◆ WHAT TO WORK ON ◆
Beginning at the top of the data below, write out every line exactly until you reach the line with "Jersey-T-Shirt mit Umrandung", and include that line.

[Caption-style text data]
........

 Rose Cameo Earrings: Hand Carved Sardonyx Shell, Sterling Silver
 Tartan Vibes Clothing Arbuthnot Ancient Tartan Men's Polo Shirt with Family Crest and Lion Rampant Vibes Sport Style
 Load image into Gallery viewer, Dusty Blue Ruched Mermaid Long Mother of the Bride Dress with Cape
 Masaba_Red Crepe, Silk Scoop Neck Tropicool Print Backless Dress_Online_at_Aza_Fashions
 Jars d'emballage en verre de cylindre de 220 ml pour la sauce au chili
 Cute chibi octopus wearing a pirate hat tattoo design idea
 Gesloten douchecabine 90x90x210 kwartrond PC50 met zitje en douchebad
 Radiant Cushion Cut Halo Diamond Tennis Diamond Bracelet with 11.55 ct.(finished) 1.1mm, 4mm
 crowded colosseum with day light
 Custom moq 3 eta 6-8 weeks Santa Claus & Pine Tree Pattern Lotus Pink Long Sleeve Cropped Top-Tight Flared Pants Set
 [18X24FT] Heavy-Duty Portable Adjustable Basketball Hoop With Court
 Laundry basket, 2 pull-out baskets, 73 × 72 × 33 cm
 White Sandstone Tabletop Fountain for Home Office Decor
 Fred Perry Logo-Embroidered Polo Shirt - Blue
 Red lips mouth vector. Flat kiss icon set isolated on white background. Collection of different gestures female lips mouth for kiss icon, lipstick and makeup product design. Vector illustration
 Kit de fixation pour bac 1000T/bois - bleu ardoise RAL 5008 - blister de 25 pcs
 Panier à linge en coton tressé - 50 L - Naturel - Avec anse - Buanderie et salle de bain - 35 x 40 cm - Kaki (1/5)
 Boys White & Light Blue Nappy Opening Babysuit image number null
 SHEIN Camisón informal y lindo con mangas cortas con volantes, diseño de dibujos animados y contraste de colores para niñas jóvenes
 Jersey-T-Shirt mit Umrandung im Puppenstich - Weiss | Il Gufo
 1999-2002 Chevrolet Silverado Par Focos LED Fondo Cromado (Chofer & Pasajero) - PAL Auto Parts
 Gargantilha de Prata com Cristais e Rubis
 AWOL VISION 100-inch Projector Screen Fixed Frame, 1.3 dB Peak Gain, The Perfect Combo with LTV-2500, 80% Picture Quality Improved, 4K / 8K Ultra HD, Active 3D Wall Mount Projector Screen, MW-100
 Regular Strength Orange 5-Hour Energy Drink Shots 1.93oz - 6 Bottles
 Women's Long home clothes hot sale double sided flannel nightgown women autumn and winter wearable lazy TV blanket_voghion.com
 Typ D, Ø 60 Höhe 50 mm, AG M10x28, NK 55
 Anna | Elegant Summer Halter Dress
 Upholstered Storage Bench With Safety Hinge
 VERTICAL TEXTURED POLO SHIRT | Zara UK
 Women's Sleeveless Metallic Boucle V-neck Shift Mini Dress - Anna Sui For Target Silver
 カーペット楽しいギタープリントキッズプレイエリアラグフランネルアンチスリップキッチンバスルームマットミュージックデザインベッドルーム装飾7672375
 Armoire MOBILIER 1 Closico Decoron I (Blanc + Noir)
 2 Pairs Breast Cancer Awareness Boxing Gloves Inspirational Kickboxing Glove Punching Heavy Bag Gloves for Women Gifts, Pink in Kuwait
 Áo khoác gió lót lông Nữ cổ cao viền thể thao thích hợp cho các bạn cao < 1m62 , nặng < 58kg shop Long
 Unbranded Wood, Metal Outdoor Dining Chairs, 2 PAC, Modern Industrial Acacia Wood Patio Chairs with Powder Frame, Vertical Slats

........

◆ REPLY ◆
 Rose Cameo Earrings: Hand Carved Sardonyx Shell, Sterling Silver
 Tartan Vibes Clothing Arbuthnot Ancient Tartan Men's Polo Shirt with Family Crest and Lion Rampant Vibes Sport Style
 Load image into Gallery viewer, Dusty Blue Ruched Mermaid Long Mother of the Bride Dress with Cape
 Masaba_Red Crepe, Silk Scoop Neck Tropicool Print Backless Dress_Online_at_Aza_Fashions
 Jars d'emballage en verre de cylindre de 220 ml pour la sauce au chili
 Cute chibi octopus wearing a pirate hat tattoo design idea
 Gesloten douchecabine 90x90x210 kwartrond PC50 met zitje en douchebad
 Radiant Cushion Cut Halo Diamond Tennis Diamond Bracelet with 11.55 ct.(finished) 1.1mm, 4mm
 crowded colosseum with day light
 Custom moq 3 eta 6-8 weeks Santa Claus & Pine Tree Pattern Lotus Pink Long Sleeve Cropped Top-Tight Flared Pants Set
 [18X24FT] Heavy-Duty Portable Adjustable Basketball Hoop With Court
 Laundry basket, 2 pull-out baskets, 73 × 72 × 33 cm
 White Sandstone Tabletop Fountain for Home Office Decor
 Fred Perry Logo-Embroidered Polo Shirt - Blue
 Red lips mouth vector. Flat kiss icon set isolated on white background. Collection of different gestures female lips mouth for kiss icon, lipstick and makeup product design. Vector illustration
 Kit de fixation pour bac 1000T/bois - bleu ardoise RAL 5008 - blister de 25 pcs
 Panier à linge en coton tressé - 50 L - Naturel - Avec anse - Buanderie et salle de bain - 35 x 40 cm - Kaki (1/5)
 Boys White & Light Blue Nappy Opening Babysuit image number null
 SHEIN Camisón informal y lindo con mangas cortas con volantes, diseño de dibujos animados y contraste de colores para niñas jóvenes
 Jersey-T-Shirt mit Umrandung im Puppenstich - Weiss | Il Gufo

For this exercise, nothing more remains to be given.